## TRY IT
What is needed is an exact copy of all the entries.

*** Opening DATASET RECORDS ***

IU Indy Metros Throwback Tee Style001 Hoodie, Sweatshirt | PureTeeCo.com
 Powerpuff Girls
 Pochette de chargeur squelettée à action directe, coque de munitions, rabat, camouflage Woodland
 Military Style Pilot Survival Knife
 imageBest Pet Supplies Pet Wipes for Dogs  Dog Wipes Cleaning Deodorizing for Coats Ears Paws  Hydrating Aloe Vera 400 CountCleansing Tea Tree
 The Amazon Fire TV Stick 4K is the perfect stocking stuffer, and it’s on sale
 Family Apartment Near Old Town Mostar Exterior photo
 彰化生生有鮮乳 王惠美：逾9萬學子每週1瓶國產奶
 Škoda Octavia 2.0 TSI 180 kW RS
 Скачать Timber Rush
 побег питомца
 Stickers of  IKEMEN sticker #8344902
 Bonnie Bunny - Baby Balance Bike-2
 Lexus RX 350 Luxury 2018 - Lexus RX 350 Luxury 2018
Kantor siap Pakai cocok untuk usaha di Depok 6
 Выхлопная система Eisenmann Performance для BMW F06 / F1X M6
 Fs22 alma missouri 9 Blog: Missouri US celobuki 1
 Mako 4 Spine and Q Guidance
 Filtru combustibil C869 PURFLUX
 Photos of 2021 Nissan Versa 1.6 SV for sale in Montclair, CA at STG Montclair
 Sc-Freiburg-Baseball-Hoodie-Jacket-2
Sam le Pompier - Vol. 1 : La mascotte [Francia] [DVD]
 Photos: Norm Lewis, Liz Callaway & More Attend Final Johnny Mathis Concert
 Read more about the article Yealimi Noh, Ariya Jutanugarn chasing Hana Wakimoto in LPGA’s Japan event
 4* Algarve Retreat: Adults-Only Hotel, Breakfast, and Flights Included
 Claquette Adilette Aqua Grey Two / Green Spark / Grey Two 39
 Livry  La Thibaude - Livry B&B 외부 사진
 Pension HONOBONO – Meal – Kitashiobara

*** Closing DATASET RECORDS ***

## ANSWER TO THE EXERCISE
IU Indy Metros Throwback Tee Style001 Hoodie, Sweatshirt | PureTeeCo.com
 Powerpuff Girls
 Pochette de chargeur squelettée à action directe, coque de munitions, rabat, camouflage Woodland
 Military Style Pilot Survival Knife
 imageBest Pet Supplies Pet Wipes for Dogs  Dog Wipes Cleaning Deodorizing for Coats Ears Paws  Hydrating Aloe Vera 400 CountCleansing Tea Tree
 The Amazon Fire TV Stick 4K is the perfect stocking stuffer, and it’s on sale
 Family Apartment Near Old Town Mostar Exterior photo
 彰化生生有鮮乳 王惠美：逾9萬學子每週1瓶國產奶
 Škoda Octavia 2.0 TSI 180 kW RS
 Скачать Timber Rush
 побег питомца
 Stickers of  IKEMEN sticker #8344902
 Bonnie Bunny - Baby Balance Bike-2
 Lexus RX 350 Luxury 2018 - Lexus RX 350 Luxury 2018
Kantor siap Pakai cocok untuk usaha di Depok 6
 Выхлопная система Eisenmann Performance для BMW F06 / F1X M6
 Fs22 alma missouri 9 Blog: Missouri US celobuki 1
 Mako 4 Spine and Q Guidance
 Filtru combustibil C869 PURFLUX
 Photos of 2021 Nissan Versa 1.6 SV for sale in Montclair, CA at STG Montclair
 Sc-Freiburg-Baseball-Hoodie-Jacket-2
Sam le Pompier - Vol. 1 : La mascotte [Francia] [DVD]
 Photos: Norm Lewis, Liz Callaway & More Attend Final Johnny Mathis Concert
 Read more about the article Yealimi Noh, Ariya Jutanugarn chasing Hana Wakimoto in LPGA’s Japan event
 4* Algarve Retreat: Adults-Only Hotel, Breakfast, and Flights Included
 Claquette Adilette Aqua Grey Two / Green Spark / Grey Two 39
 Livry  La Thibaude - Livry B&B 외부 사진
 Pension HONOBONO – Meal – Kitashiobara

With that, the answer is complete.